Here, we provide a brief summary of what has happened in a number of South American jurisdictions and in Mexico. One consistent thread running through these laws, and proposed laws, is that the scope of digital services covered is focused on international digital companies.
Argentina announced its intention to tax digital services supplied by non-resident companies back in December 2017. This was planned under Law 27,430 and initially effective as from February 1, 2018. However, this date remained irrelevant as there was no collection mechanism in place, this was later implemented under Resolution 4240 and has been effective as of June 27, 2018.
A key difference in the design of the Argentine rules when compared to other global implementations is that the liability to collect and remit the tax is placed upon the payment service provider. In addition, this liability only concerns foreign digital service merchants that appear on an AFIP (Administración Federal de Ingresos Públicos - Argentina’s revenue service) list. More here.
Back in November 2017, a Brazilian State Agreement (Convênio ICMS 106/2017) revealed plans to tax digital services – e.g. games, streaming services, music and image downloads, etc — via the State tax mechanism (ICMS).
However, by March 2018, these plans were put on hold after a favourable ruling for the Brazilian Association of Information and Communication Technology Companies (Brasscom). This association had filed a petition against the imposition of ICMS on software downloads and streaming. They won a preliminary injunction to suspend the effects of the ICMS Decree that proposed to impose ICMS on the purchase of software via download or streaming.

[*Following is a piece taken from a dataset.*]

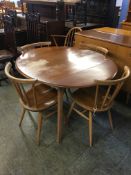 Ercol Golden Dawn flap table and a set of six Ercol Golden Dawn spindle back chairs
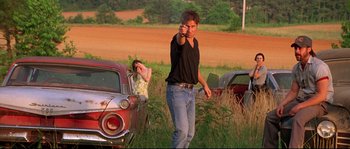 Movie still from “Kalifornia” (1993), directed by Dominic Sena – A man and a woman standing in a field near old cars; Medium shot, Low angle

In August 2019, Chile's lower house of Congress (the Chamber of Deputies) set in train a major reform of the country's tax system. Included was a tax (of 19% VAT) on digital services rendered in Chile by non-residents.
Chile has been reviewing its legislation relating to cross-border digital sales for some time. Back in June 2018, Chile’s then Finance Minister Felipe Larraín Bascuñán revealed his government's plans. “We are looking at other ways to apply tax, perhaps charge a transaction fee,” Larraín Bascuñán was quoted by Reuters. “Initial estimates suggest that collecting taxes from the digital economy and digital commerce could bring in several hundred million dollars.”
In July 2018 Colombia published a law confirming the liability for foreign suppliers to register, collect, and remit VAT at 19% for sales to individuals in Colombia. The law came into effect on January 1, 2019.
An important point to note is that if a foreign supplier does not register, collect, and remit VAT to the Colombian tax authority (DIAN), the government could instruct the Colombian bank card issuers to withhold the tax that is due. More here.
Ecuador’s Internal Revenue Service - Servicio de Rentas Internas (SRI) - revealed plans in October 2019 to tax digital services supplied by non-resident businesses to customers based in Ecuador.
The plans were revealed in the government’s draft Economic Growth Law that was presented to Ecuador’s national assembly with a potential go-live date of January 1, 2020.
Burden of the collection of the 12% VAT on these digital sales will be the responsibility of certain financial institutions that will act as withholding agents. More here.
A bill is being discussed in Mexico’s Congress of the Union seeking to impose VAT at the standard rate of 16% on digital services provided to Mexico-based customers by non-resident businesses from June 1, 2020.
More on Mexico's plans here.
Paraguay's tax authority, la Subsecretaría de Estado de Tributación (SET), has revealed plans to tax the supply of digital services by non-residents to consumers based in Paraguay. The rules are due to come into effect on January 1, 2020.
The tax reform is outlined in the publication of Paraguay’s Law 6380/19 (link in Spanish) of the Modernization and Simplification of the National Tax System (Ley de Modernización y Simplificación del Sistema Tributario Nacional).
In common with other South American rules, the burden of the settlement and collection of the VAT due (Paraguay’s standard VAT rate is 10%) will be on the local bank, the issuer of the payment card used in the purchase. More here.
Rules governing the supply of cross-border digital services came into force in July 2018. The rules, however, differ from other implementations as income tax may also be due in addition to the 22% VAT.
We first learned of Uruguay’s plans to tax foreign-supplied digital services back in October 2015 when a report in El Observador website outlined how the National Association of Uruguayan Broadcasters (Andebu) had raised the issue of an unfair marketplace when competing with the likes of international streaming players such as Netflix and Spotify.
It is estimated that this new VAT could raise USD$10 million per year from sales of foreign digital services to customers based in Uruguay.